Doonreagan is an ample cottage in the Irish Connemara landscape, and was a place of tranquillity and family for both Hughes and Wevil. This short play explores the juxtapositions between the stability that Doonreagan forced upon their relationship, and the true turbulence of their dissatisfactions with each other. The play suggests that no matter how much Hughes was attracted to Wevil, he could not get over that she was ‘not Sylvia’. Wevil, on the other hand, feels closeted by the remoteness of Doonreagan, the children who needed attending to and Hughes’s insistence that this was the best place for her – a city girl – to thrive on the simple life. The intense duologue between Hughes and Wevil, coupled with the intimacy of the Jermyn Street Theatre, makes this piece play emotionally claustrophobic, not least because the audience are seated so close to the actors.

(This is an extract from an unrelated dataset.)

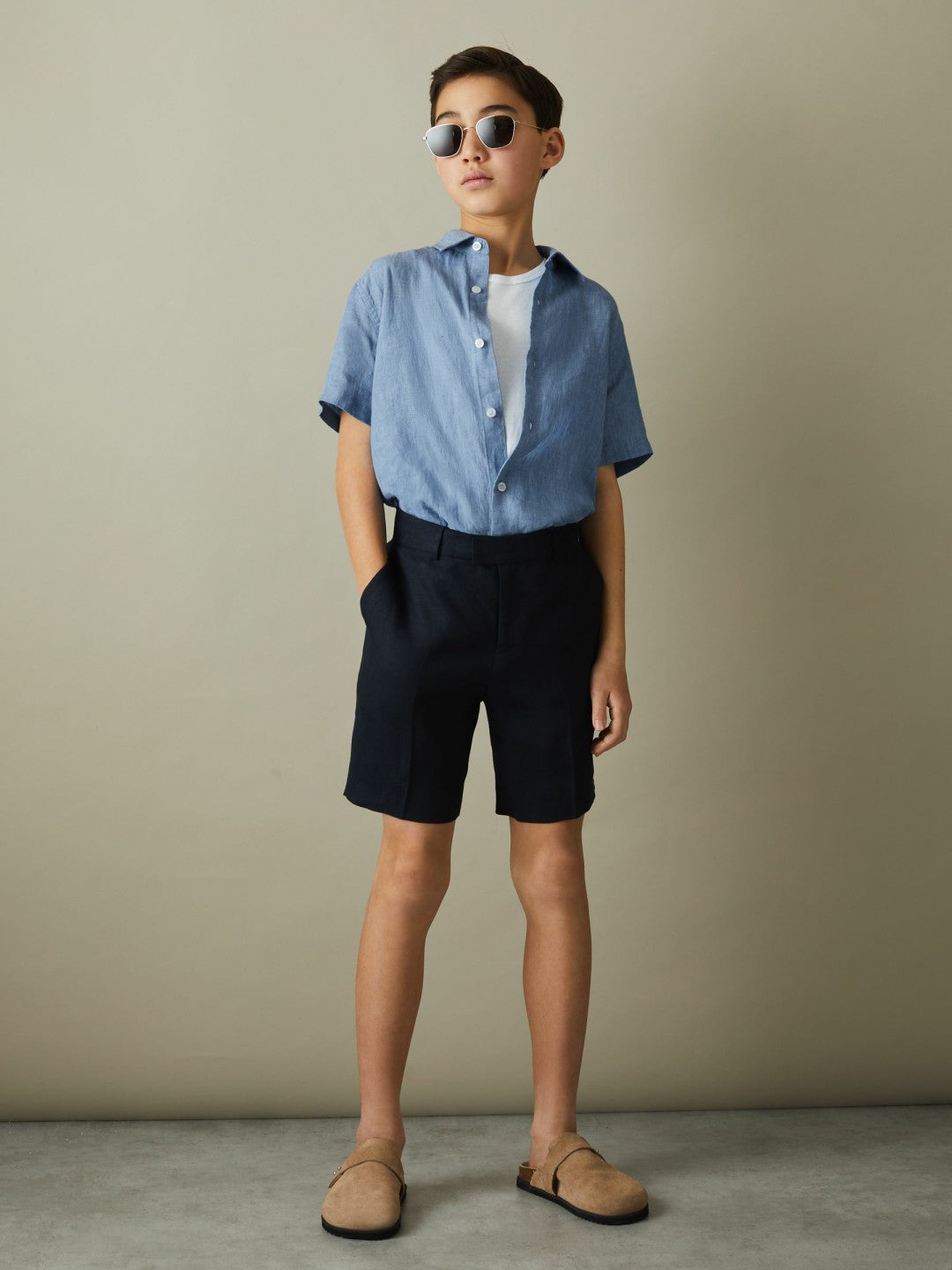 Reiss 9-13 yrs Short Sleeve Linen Shirt in Sky Blue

This is particularly effective when Wevil speaks of how she is constrained by the walls of Doonreagan and her longing for the cosmopolitan life.

Daniel Simpson is excellent at Hughes, capturing the struggle between his natural sexual charge and creative bursts against his desire to be a well-respected and stable family man. Flora Montgomery uses her tall, slender physique to portray Wevil as a mysterious ‘Femme Fatale’, only revealing her vulnerability and fear through the eyes. The ghost of Sylvia Plath is the elephant in the room, and is addressed by Hughes as if she is still present. The script, by Ann Henning Jocelyn, is well structured in its narrative, arching over a period in Hughes’s and Wevil’s relationship beginning at relative peace, transitioning to unrest and ending on a bitter note, The dialogue, however, is somewhat over-descriptive, so that the actors are not given enough time to communicate emotion purely with their physicality, and appear to feel constrained by the unnatural number of words they have to say.

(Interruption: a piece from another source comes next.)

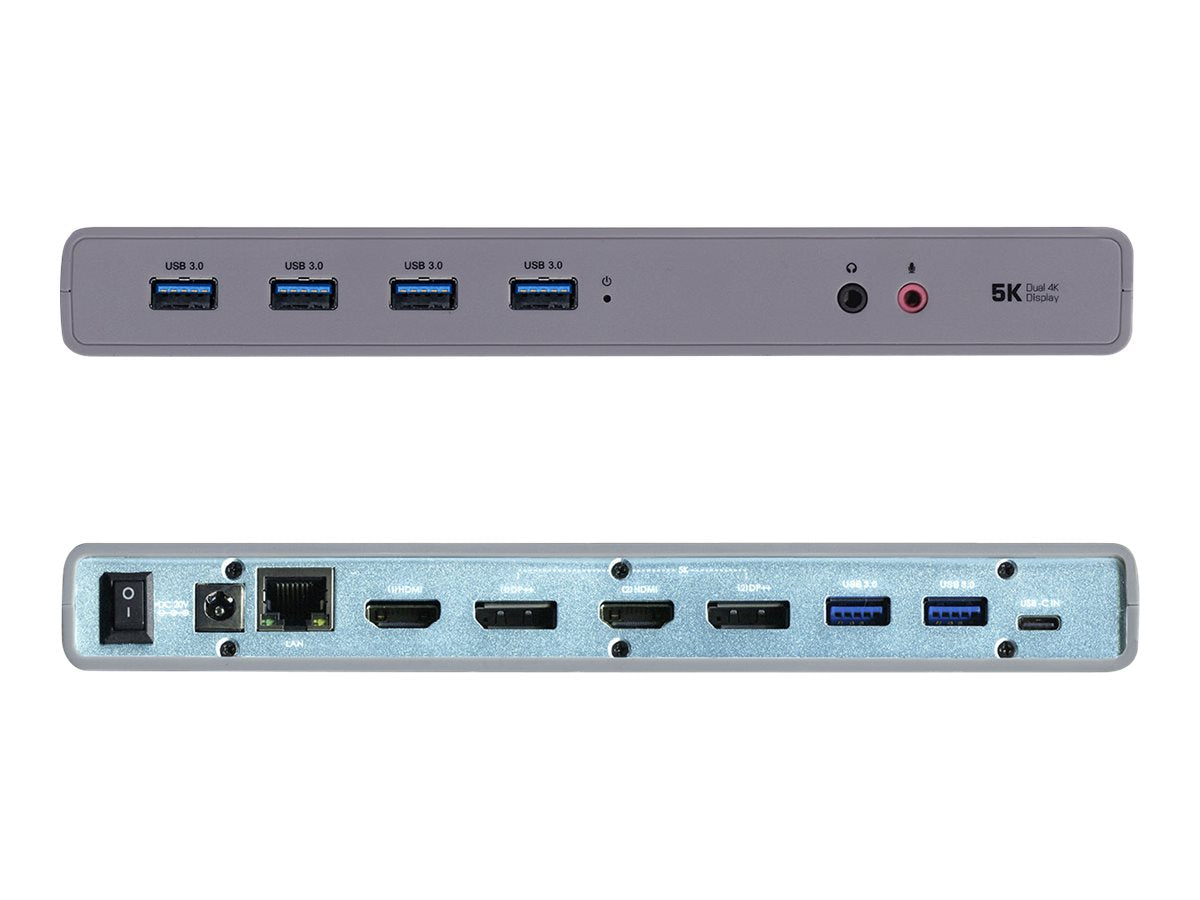 I-TEC USB 3.0/USB-C Dualdock 1x5K 2x4K 60Hz 2xHDMI 2xDP 1xGLAN 6xUSB 3.0 1xAudio/Mic Jack Kensington compatible with TB 3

The set is simple yet elegant, providing a peek into the front room of Doonreagan with a period sofa, desk and gramophone. With the audience seated so close to the action, it feels as if we are part of the fabric of the house, and the sense of being ‘watched’ is part of Hughes’s and Wevil’s daily life. Alex Dmitriev (director) has kept the action simple and intimate, so that the audience feel welcomed to Doonreagan, but also at the same time as if they are unwelcome voyeurs on a messy family drama, that we all know (due to Wevil’s suicide a few years later) ended unhappily.